**Exercise input:**
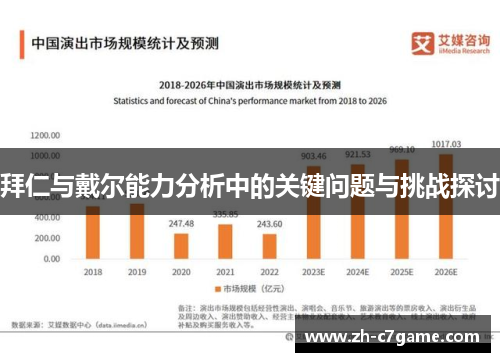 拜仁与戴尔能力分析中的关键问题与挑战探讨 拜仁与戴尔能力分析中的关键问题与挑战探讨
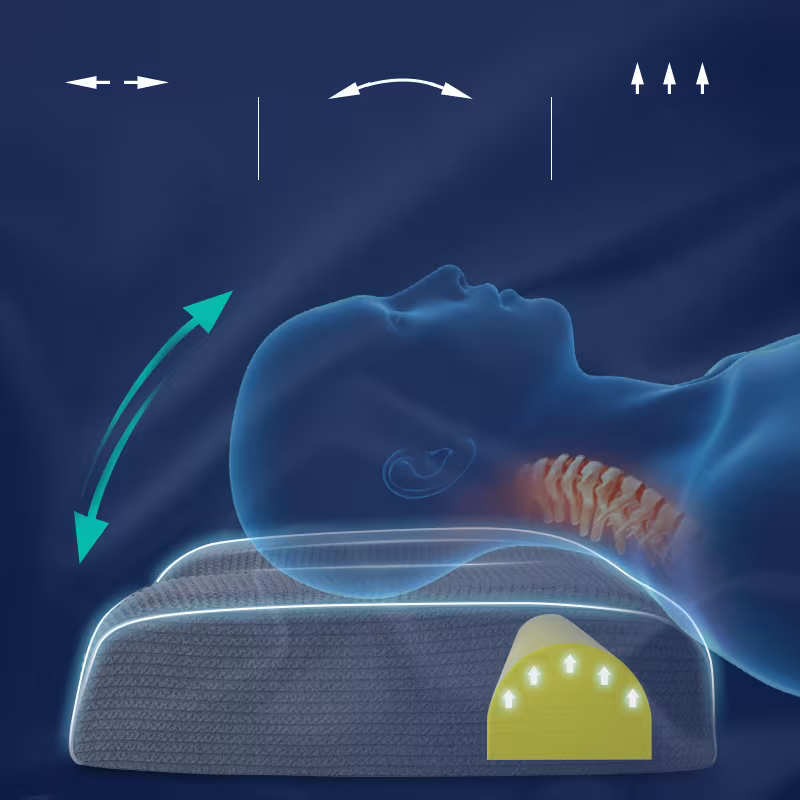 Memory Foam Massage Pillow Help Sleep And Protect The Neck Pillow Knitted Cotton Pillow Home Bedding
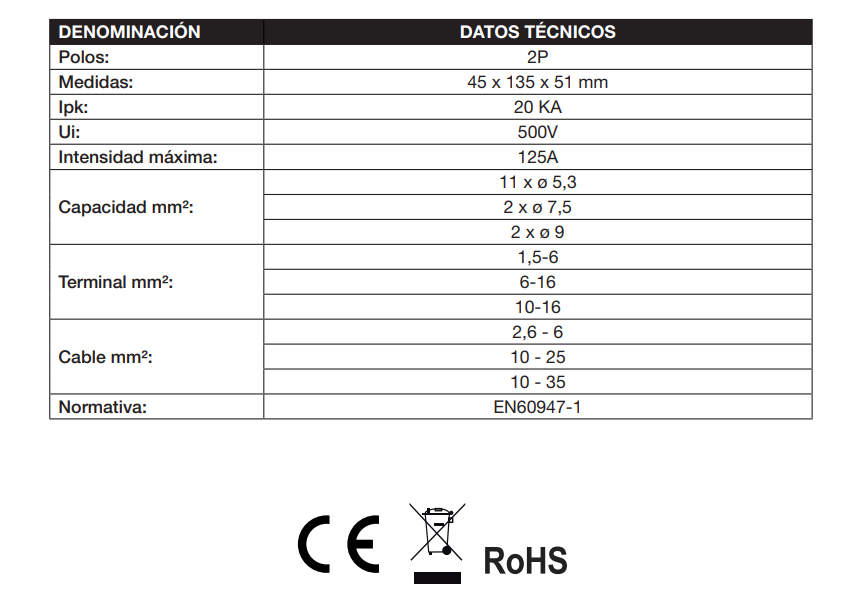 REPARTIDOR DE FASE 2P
---
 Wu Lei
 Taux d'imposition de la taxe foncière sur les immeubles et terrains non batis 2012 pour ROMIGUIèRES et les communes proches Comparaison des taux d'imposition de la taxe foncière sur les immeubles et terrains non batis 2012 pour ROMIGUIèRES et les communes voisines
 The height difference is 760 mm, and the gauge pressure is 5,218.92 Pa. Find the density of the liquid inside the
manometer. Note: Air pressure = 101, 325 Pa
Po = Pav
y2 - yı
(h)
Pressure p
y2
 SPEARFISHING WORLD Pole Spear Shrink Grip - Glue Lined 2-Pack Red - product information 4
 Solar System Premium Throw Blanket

**To do:** Begin at the line that has "SPEARFISHING WORLD Pole" in the entries above; stop after the line that has "Solar System Premium Throw Blanket". Transcribe exactly those lines and no others.

**Result for this task:**
 SPEARFISHING WORLD Pole Spear Shrink Grip - Glue Lined 2-Pack Red - product information 4
 Solar System Premium Throw Blanket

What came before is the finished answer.